Nos fuimos y en el camino el deseo nos invadió con una intensidad escapada de cualquier lógica y nos tuvimos que parar a besarnos con desenfreno, apoyé mi cuerpo contra el de ella para que pudiera sentirme por completo y cada vez más la.urgencia nos dominaba.
Prácticamente subimos corriendo la escalera de su casa y nos amamos sin recato, nos entregamos con la convicción absoluta de los amantes, nos arqueamos y nos quebramos en un ritual sagrado de sanación. Hacer el amor con V pocas veces fue un acto meramente carnal y siempre se manifestaban en nosotros los más primitivos motivos de humanidad. Nadie en el universo hubiese sido capaz de afirmar que ella y yo no teníamos algo único y verdaderamente mágico. Me durmió en sus brazos y se entregó a mi con totalidad para que yo pudiese acurrucar en su pecho, el consuelo más profundo que existía para el caso.

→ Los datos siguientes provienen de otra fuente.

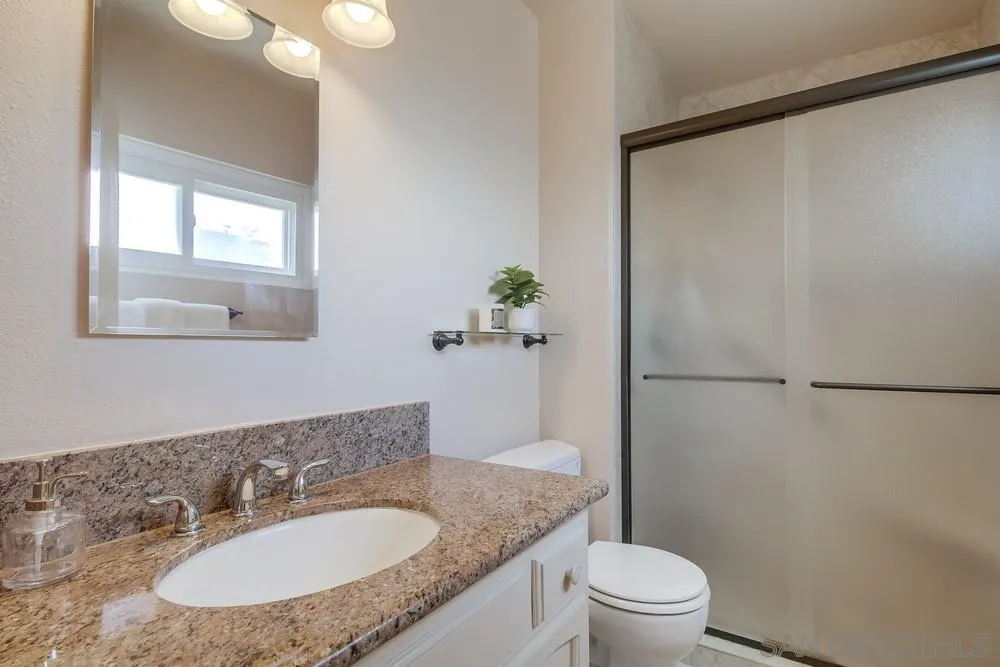 https://cdn.realtyfeed.com/cdn/127/250036904/b3ba5490923b35443fc863b5e3a8fefa.webp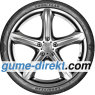 Eagle F1 Supersport ROF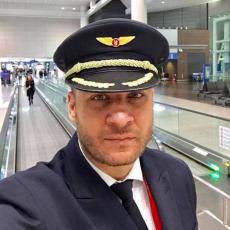 Man image
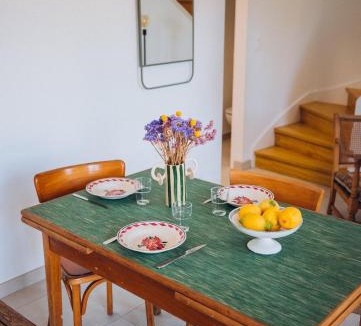 Pont-l'Abbe Hotel | Bigouden Makers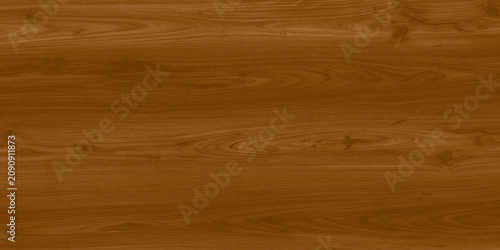 wooden texture background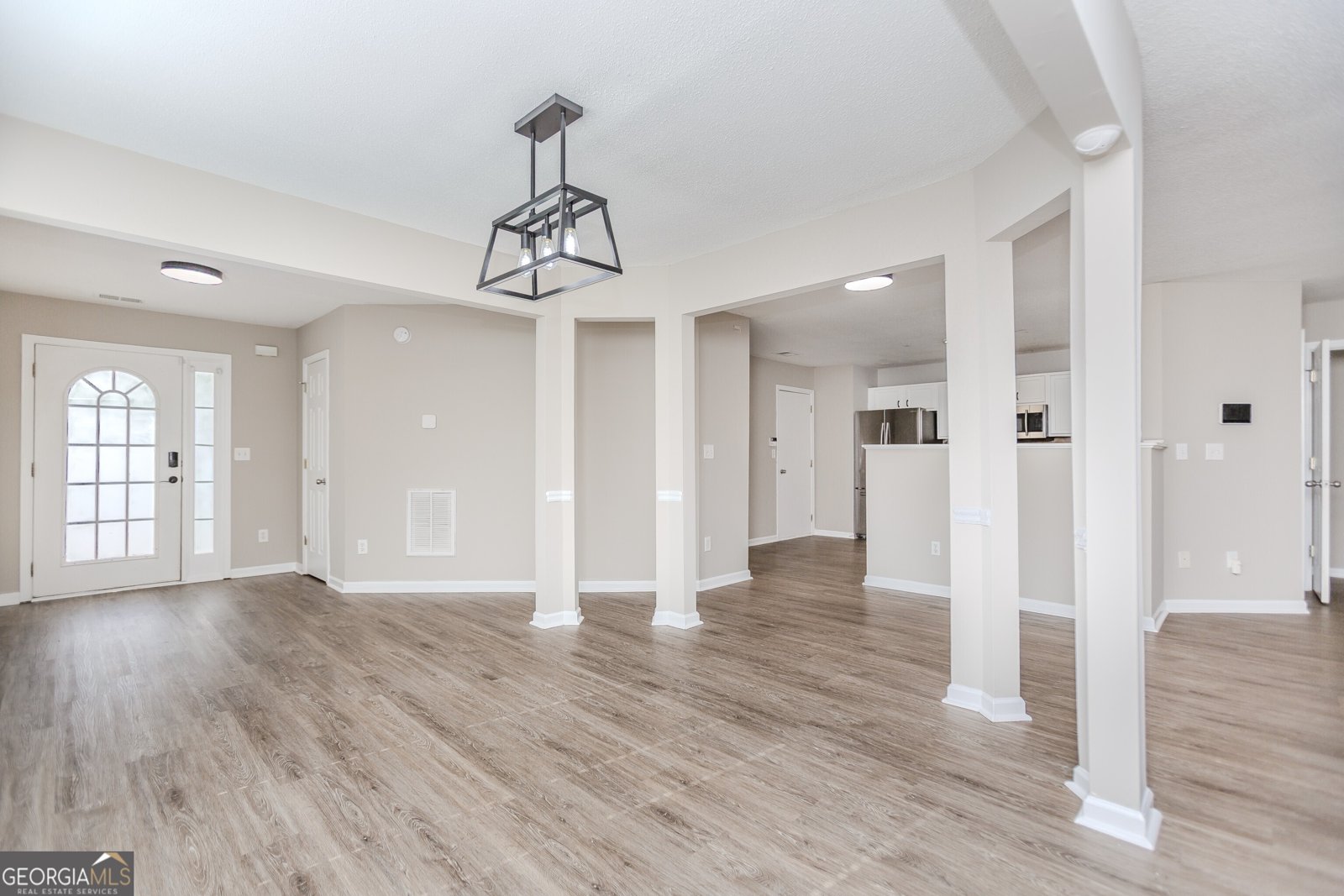 4469 Persian Court Snellville - 14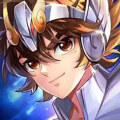 Saint Seiya: Awakening (SEA)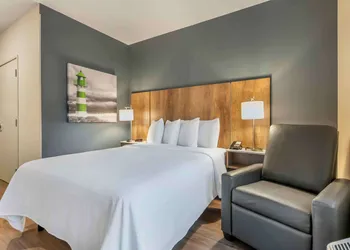Extended Stay America Premier Suites - Reno - Sparks hotel thumbnail 4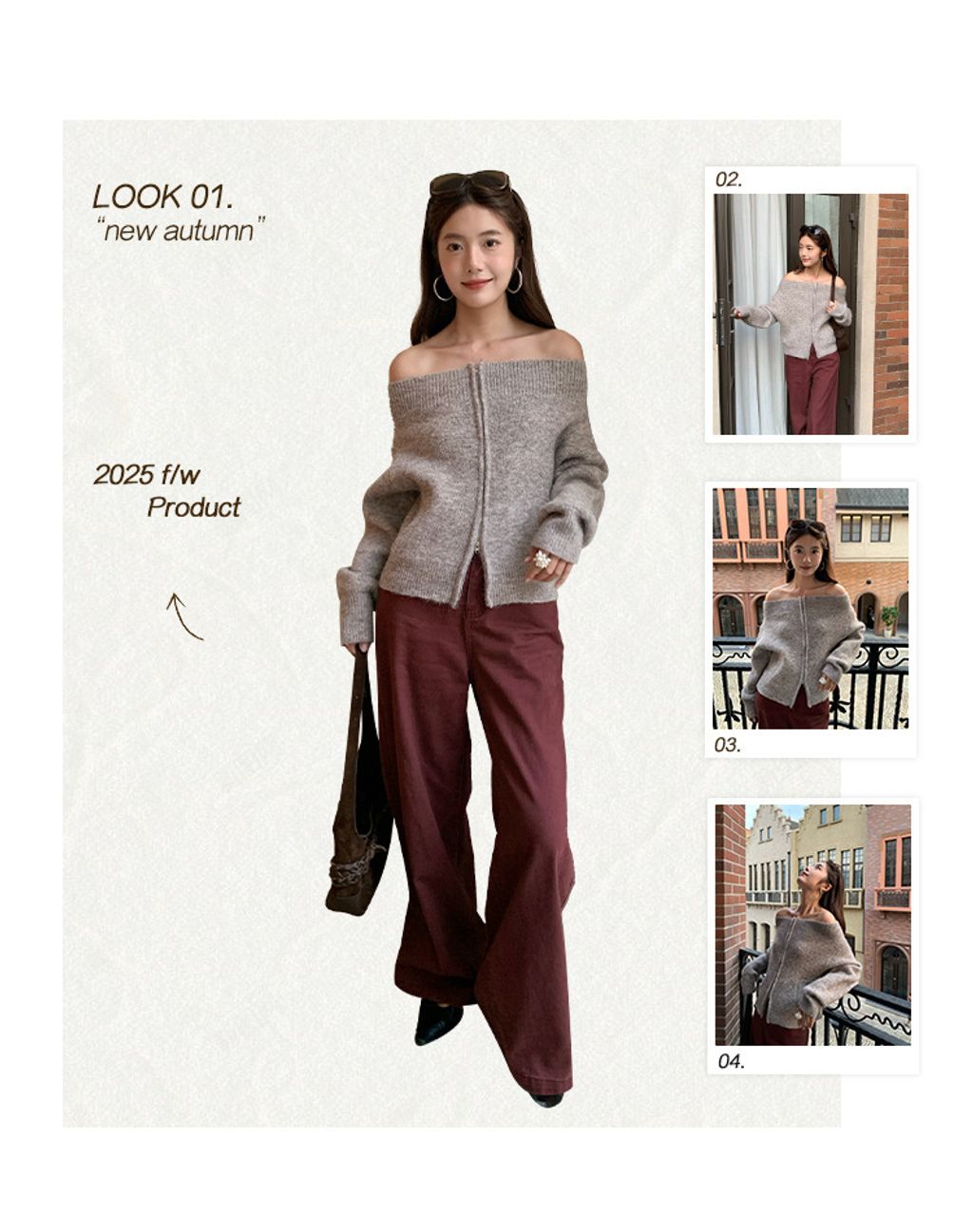 O1CN01ZaHnCy1dpaD0Ptg1T_!!3556063785-0-cib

El amanecer nos descubrió abrazados y sonó inevitablemente el tono de su despertador, nos levantamos y fuimos hasta la parada de ejido y Paysandú en un taxi, ahí compramos de desayunar y juntos tomamos un tala-pando que la llevaba a su trabajo y a mi al velorio en la funeraria de 8 de octubre y Pascual Paladino. En el viaje ella se veía aún más bella que la noche anterior, con un cardigan blanco y sus labios húmedos y demasiado apetecibles. En el camino V aprovechó para recordarme que en 20 días se iba por casi dos meses a trabajar a Norteamérica y que quizás era aquel el momento para dejar de hablarnos, no considerando oportuno su comentario le.propuse no volver a escribirle y que ella se abstuvieron de leer este mismo blog, donde desde donde hacia varios meses todas y cada una de las letras escritas estaban y están dedicadas a ella. V comprendió la trampa y adivino que se trataba de un negocio inviable, aun así insistió que era el mejor momento para poner punto final a la no relación.